KASAPLARA SESLENDİ: NEYE İSYAN EDİYORSUNUZ
Şimdi et ithal ediyorlar, bununla eti ucuzlatacaklar. 2011'de ilk et ithal edildi. Ucuzlasaydı o zaman ucuzlardı. 2 mağazada ucuz et satacaklar, kasaplar isyan ediyor. Neye isyan ediyorsunuz? Yarın önünüze sandık gelecek demokratik yollardan hesabını soracaksınız, bu kadar basit. Et fiyatlarını düşürmenin yolu besiciyi desteklemekten geçer, nokta. Bizim sözümüzü dinlemiyorsan, Amerika'ya Almanya'ya Fransa'ya Hollanda'ya bak. Onları zengin ediyorsun.
CAM FİLMİ TEPKİSİ
Bir yönetmelik yayınlandı, otomobillere cam filmi serbest bırakıldı. 5 milyon vatandaş arabasına cam filmi taktırdı. Aradan bir yıl geçmeden kararı değiştirdiler. Cam filmi takılması yasak dediler. Cezası 427 lira, söküm parası da 150 lira. Neden serbest bırakıldı, neden yasaklandı. Açıklayan var mı, yok. 5 milyon vatandaşıma sesleniyorum, bunlar Türkiye'yi yönetemezler. Şimdi ben bunun hesabını sana sandıkta soracağım diyeceksin.

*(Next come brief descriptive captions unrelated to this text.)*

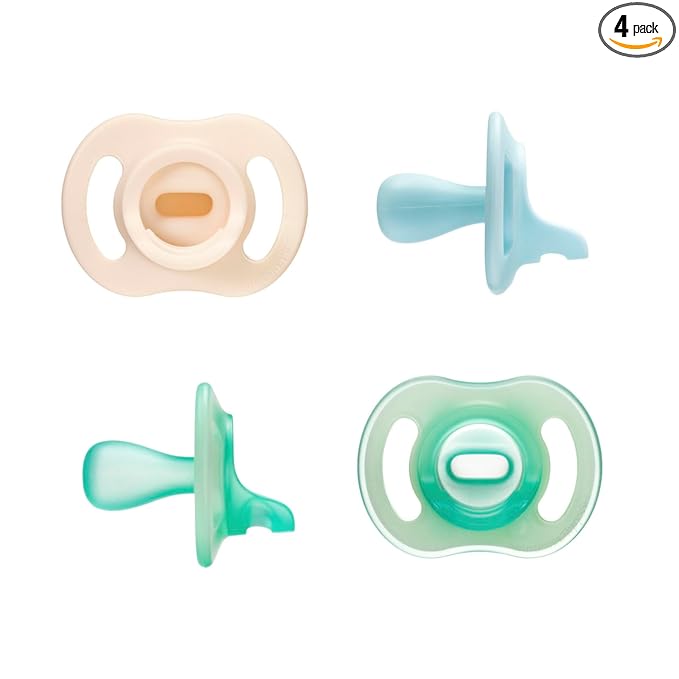 Tommee Tippee Stay Put Pacifier Set, Contains 2 Ultra-Light StayPut Glow in the Dark Pacifiers and 2 Ultra-Light StayPut Pacifiers, 0-6 Months, Colors May Vary, One-Piece Silicone Design, Pack of 4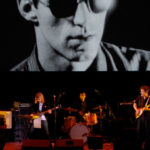 Four musicians playing on stage in front of a very large black and white image of a person wearing sunglasses.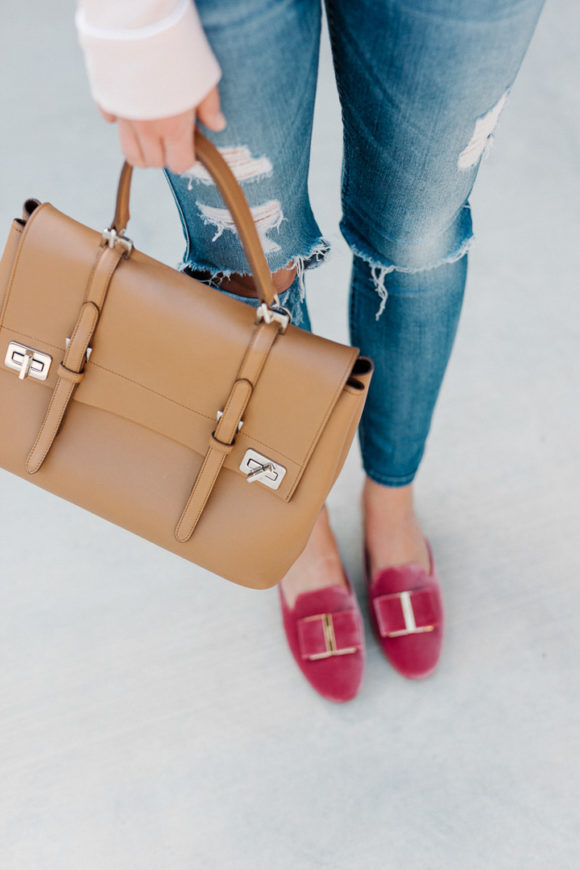 Amy Havins wears a blush blouse, ripped jeans and velvet flats.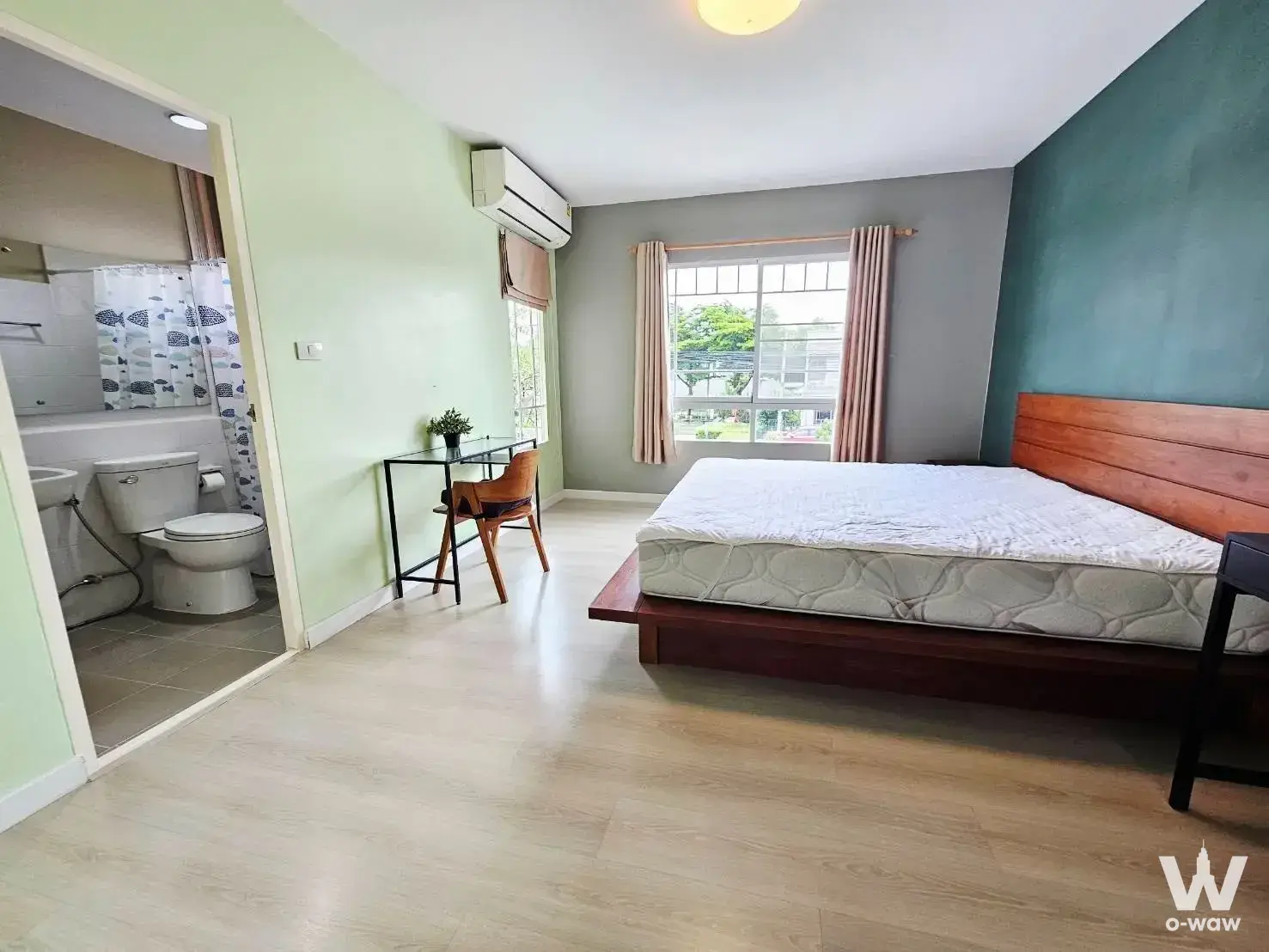 Modern bedroom in 2-bed Indy 2 Bangna townhouse with teal accent wall, wooden bed, and attached bathroom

"HODRİ MEYDAN DEMEYE DEVAM EDECEĞİM"
Bir ara bu ülkede kimsenin can ve mal güvenliği yok demiştim. Kıyameti kopardılar. En tipik örneğini seçilen belediye başkanından alabiliriz. Bir belediye başkanının yoksa sokaktaki vatandaşın nasıl olacak? Balıkesir Belediye Başkanı herkesin önünde bunu açıkça ilan etti.
Can güvenliğini sağlayan bağımsız yargıdır. Sıradan bir insan değil bir belediye başkanı, bana ve aileme gelen tehditler nedeniyle istifa ediyorum diyor. Kim seni tehdit etti diye bir tane savcı soruşturma açtı mı? Ama Burak Akbay hakkında açarlar, Cumhuriyet hakkında açarlar.
İSTİFA EDEN BAŞKANLAR İÇİN SEÇİM ÖNERİSİ
Gel 17 ay beklemeyelim, erken seçime gidelim dedik yerel yönetimlerde. Gelmediler, kaçtılar. Hayatımda milli iradeden korkup kaçan bir genel başkan görmemiştim, onu da görmek bana nasip oldu. Şimdi teklifi biraz daha yumuşatıyorum, kaçmasın diye. Gel istifa eden veya görevden alınan belediye beşkanları için erken seçim yapalım. Niçin korkuyorsun niçin kaçıyorsun. Hodri meydan demeye devam edeceğim."